**Problem to work on:** Search the material below for the word "each" and copy every line in which it occurs.
○ ○ ○ ○
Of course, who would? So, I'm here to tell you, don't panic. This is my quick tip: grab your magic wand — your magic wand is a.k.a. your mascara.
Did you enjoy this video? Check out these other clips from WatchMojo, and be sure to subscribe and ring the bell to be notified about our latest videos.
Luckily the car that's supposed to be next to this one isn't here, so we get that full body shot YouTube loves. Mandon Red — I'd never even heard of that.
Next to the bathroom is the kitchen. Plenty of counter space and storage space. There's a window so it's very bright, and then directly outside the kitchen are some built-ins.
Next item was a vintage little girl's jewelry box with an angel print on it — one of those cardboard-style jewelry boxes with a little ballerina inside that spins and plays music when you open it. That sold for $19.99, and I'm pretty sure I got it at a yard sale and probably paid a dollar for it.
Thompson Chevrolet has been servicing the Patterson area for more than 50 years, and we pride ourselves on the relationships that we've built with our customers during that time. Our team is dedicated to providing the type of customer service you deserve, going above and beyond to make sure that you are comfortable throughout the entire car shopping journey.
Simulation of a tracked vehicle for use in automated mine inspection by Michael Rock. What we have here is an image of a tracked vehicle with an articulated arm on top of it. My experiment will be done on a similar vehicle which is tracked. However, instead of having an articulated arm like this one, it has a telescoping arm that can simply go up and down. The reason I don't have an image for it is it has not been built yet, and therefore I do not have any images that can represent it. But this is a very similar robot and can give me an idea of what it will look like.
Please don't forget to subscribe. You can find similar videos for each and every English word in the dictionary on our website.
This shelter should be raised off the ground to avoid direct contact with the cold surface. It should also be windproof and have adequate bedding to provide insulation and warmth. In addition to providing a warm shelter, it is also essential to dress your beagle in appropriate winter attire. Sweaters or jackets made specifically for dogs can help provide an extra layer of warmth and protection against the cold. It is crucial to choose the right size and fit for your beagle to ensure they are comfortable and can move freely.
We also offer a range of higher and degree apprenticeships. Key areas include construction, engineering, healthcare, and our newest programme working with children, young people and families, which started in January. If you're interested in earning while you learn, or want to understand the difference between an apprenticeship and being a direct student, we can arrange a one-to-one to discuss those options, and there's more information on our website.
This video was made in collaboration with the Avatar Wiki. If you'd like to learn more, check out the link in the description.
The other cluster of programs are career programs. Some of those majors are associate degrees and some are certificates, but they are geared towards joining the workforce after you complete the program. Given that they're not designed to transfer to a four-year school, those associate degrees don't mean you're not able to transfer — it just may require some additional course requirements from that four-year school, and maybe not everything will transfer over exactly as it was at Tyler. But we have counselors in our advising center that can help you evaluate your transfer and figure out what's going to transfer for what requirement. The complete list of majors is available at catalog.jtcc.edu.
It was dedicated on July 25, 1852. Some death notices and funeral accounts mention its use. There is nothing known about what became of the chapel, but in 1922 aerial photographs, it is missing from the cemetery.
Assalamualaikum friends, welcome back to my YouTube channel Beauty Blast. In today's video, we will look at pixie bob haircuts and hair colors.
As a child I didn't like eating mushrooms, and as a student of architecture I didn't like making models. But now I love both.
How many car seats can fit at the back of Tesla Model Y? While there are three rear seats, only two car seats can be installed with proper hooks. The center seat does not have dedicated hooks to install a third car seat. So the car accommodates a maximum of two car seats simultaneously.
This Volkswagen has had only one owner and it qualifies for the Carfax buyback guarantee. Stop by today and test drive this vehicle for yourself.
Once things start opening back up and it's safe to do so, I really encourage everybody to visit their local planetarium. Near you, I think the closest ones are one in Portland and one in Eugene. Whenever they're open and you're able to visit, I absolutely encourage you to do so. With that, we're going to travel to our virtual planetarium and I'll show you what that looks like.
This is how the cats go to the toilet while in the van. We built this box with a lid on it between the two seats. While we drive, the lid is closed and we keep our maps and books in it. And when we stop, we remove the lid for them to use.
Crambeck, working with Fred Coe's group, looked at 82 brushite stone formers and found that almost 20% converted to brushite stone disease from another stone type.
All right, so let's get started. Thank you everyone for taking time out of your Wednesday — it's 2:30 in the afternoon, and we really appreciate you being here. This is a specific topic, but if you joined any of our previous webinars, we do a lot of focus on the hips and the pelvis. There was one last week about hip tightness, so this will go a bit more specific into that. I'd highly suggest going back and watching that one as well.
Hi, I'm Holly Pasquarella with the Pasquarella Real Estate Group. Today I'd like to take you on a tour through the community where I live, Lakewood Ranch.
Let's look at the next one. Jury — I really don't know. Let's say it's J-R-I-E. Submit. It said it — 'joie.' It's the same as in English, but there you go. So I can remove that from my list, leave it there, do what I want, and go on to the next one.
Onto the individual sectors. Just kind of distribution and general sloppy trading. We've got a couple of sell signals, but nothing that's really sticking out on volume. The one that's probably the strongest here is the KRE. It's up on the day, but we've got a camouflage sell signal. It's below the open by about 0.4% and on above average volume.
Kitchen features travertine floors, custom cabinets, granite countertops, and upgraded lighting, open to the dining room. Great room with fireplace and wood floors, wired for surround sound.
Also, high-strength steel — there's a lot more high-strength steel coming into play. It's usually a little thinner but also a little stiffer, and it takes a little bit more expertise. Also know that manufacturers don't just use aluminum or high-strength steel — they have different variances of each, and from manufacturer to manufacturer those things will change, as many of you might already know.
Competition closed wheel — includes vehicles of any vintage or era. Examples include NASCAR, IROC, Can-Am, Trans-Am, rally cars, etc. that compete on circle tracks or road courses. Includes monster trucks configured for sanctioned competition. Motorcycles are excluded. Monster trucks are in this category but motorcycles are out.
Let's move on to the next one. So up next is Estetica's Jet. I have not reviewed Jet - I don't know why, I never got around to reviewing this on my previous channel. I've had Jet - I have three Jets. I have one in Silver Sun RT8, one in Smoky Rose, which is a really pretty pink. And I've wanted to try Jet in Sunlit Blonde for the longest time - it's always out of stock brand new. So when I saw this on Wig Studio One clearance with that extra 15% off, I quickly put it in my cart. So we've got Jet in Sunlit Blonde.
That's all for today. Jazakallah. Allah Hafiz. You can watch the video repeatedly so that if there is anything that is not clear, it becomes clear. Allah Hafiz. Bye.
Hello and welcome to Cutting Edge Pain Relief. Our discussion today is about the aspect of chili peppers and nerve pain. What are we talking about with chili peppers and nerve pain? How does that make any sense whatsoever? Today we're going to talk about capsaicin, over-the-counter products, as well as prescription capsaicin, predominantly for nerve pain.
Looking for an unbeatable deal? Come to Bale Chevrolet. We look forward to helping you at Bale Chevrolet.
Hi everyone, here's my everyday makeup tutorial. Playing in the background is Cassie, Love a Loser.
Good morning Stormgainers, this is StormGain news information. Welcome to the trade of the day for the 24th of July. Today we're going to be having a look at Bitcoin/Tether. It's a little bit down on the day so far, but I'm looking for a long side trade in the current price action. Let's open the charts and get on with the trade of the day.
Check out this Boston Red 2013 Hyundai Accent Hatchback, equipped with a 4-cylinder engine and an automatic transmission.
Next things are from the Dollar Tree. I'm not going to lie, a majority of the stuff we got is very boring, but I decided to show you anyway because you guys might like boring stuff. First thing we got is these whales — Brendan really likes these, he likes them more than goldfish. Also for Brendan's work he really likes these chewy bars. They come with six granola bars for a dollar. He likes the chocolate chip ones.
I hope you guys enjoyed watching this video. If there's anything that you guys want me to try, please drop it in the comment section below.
○ ○ ○ ○
**Response area:**
Please don't forget to subscribe. You can find similar videos for each and every English word in the dictionary on our website.
Also, high-strength steel — there's a lot more high-strength steel coming into play. It's usually a little thinner but also a little stiffer, and it takes a little bit more expertise. Also know that manufacturers don't just use aluminum or high-strength steel — they have different variances of each, and from manufacturer to manufacturer those things will change, as many of you might already know.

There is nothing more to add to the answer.